Diagnosis is an important technology for many of the vehicles and systems relevant to the Exploration Vision. For autonomous systems such as planetary rovers, it provides state estimates that are used to decide appropriate courses of action. For future space and lunar habitats it can allow crew to spend far less time finding and repairing faults by identifying them automatically, resulting in much greater crew productivity than on, for example, the International Space Station. Diagnosis can also provide estimates of component performance or wear that can be used to reduce vehicle turnaround times by providing prognostic information about which subsystems to replace or repair, and which should continue to function normally.

Traditional approaches to diagnosis, such as Livingstone, build a discrete model of the system being diagnosed, and compare predictions from that model with discretized sensor inputs to determine when the behavior of the system does not match that of the model. These ‘conflicts’ are then used to search for other model states (usually faults) that do match system behavior correctly. For many systems, particularly digital systems, this approach is very effective, and Livingstone has been applied successfully in many domains, including the Remote Agent Experiment that flew on the Deep Space 1 mission.

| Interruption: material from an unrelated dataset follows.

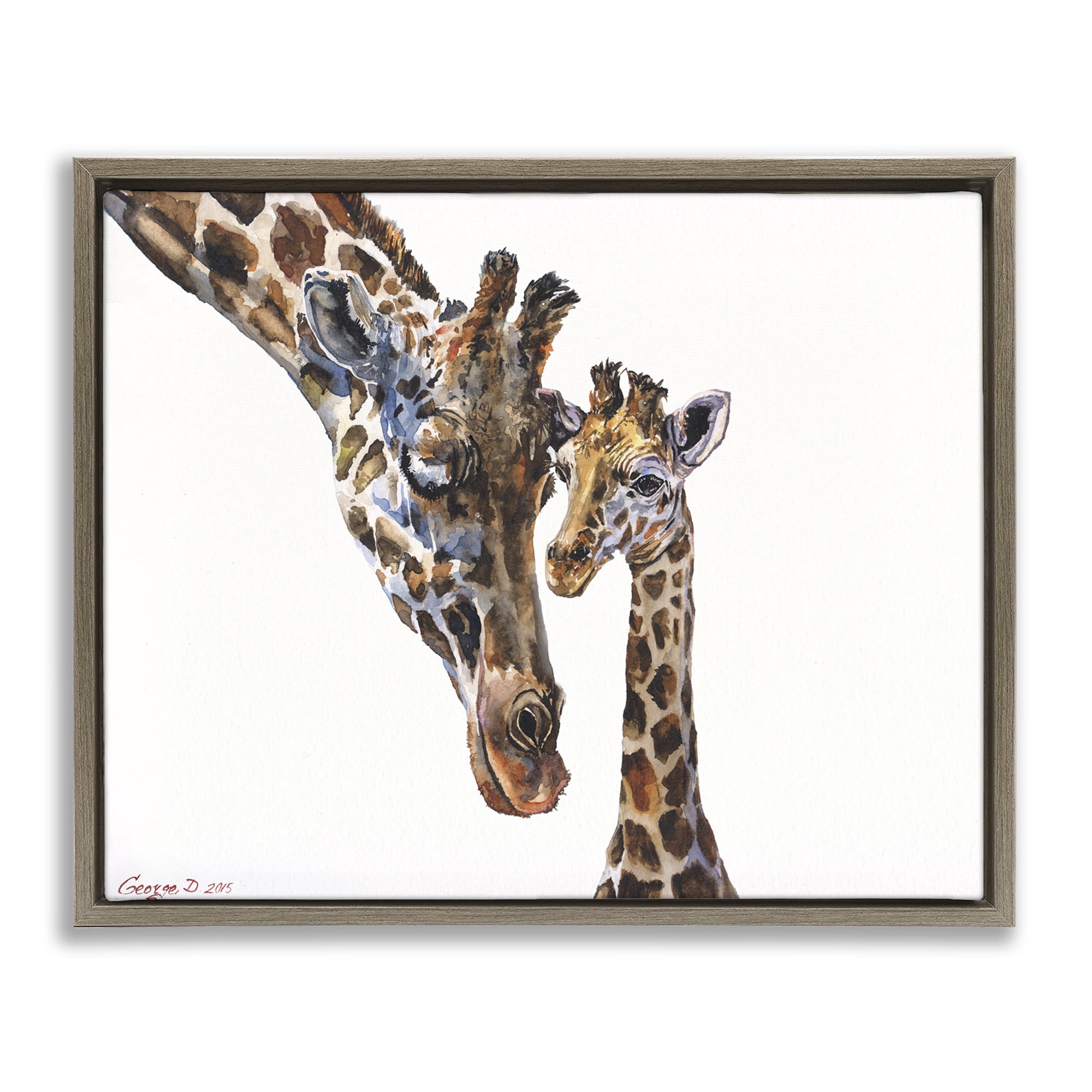 Stupell Industries Baby Giraffe Animal Watercolor Animals & Insects Painting Brown Floater Framed Canvas Art Print Wall Art, 21 x 17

Unfortunately, the discrete approach of Livingstone is unsuitable for a large class of systems that cannot be easily parsed. An example of such a system is a planetary rover, in which the interaction between the rover and its environment makes discretization almost impossible. Another is life-support systems, or almost any system where quantitative information is important. We represent these systems quantitatively, typically with differential equation models, and have developed appropriate tools for tracking both the continuous state of these systems, and their discrete system modes (typically faults).